---------- DATASET EXTRACT

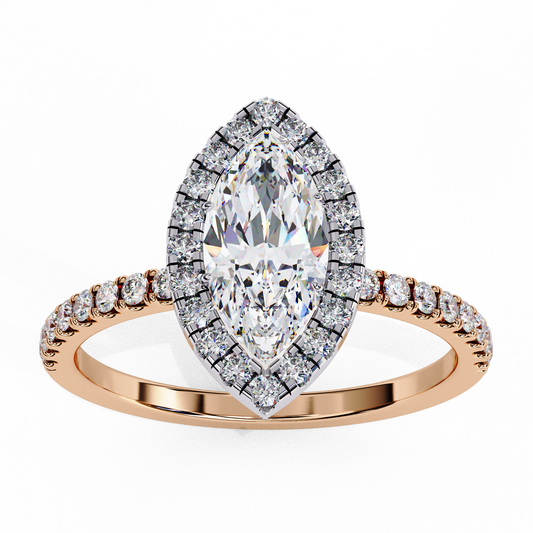 Lab Grown Marquise Halo Engagement Ring , 0.82 CT Marquise Cut Lab Grown Diamond Ring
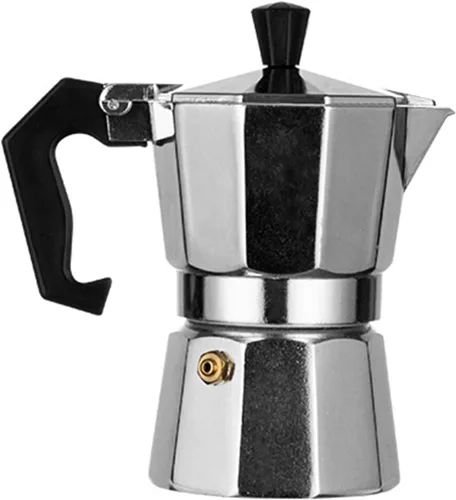 Vista 2 de Cafetera italiana, olla de aleación de aluminio con colador de metal para cocina (2 tazas de 3.4 fl oz)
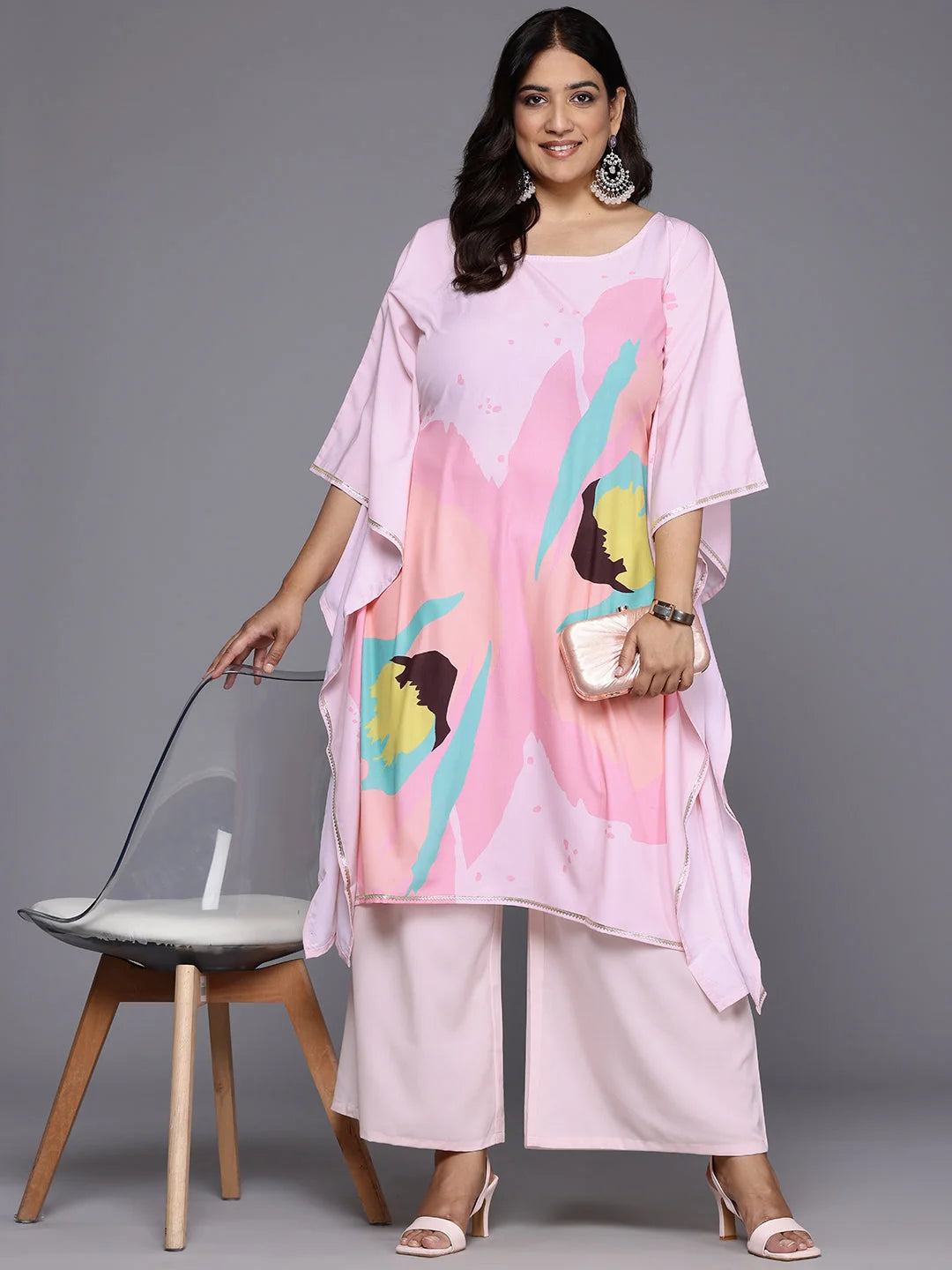 Plus Size Printed Gotta Patti Kurta With Palazzos-AP-AHKFPZ-COMBO-615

--------------------

- _WHAT YOU HAVE TO DO_: Set down the material word for word, and drop every picture from it.

- _SOLUTION_:
 Lab Grown Marquise Halo Engagement Ring , 0.82 CT Marquise Cut Lab Grown Diamond Ring
 Vista 2 de Cafetera italiana, olla de aleación de aluminio con colador de metal para cocina (2 tazas de 3.4 fl oz)
 Plus Size Printed Gotta Patti Kurta With Palazzos-AP-AHKFPZ-COMBO-615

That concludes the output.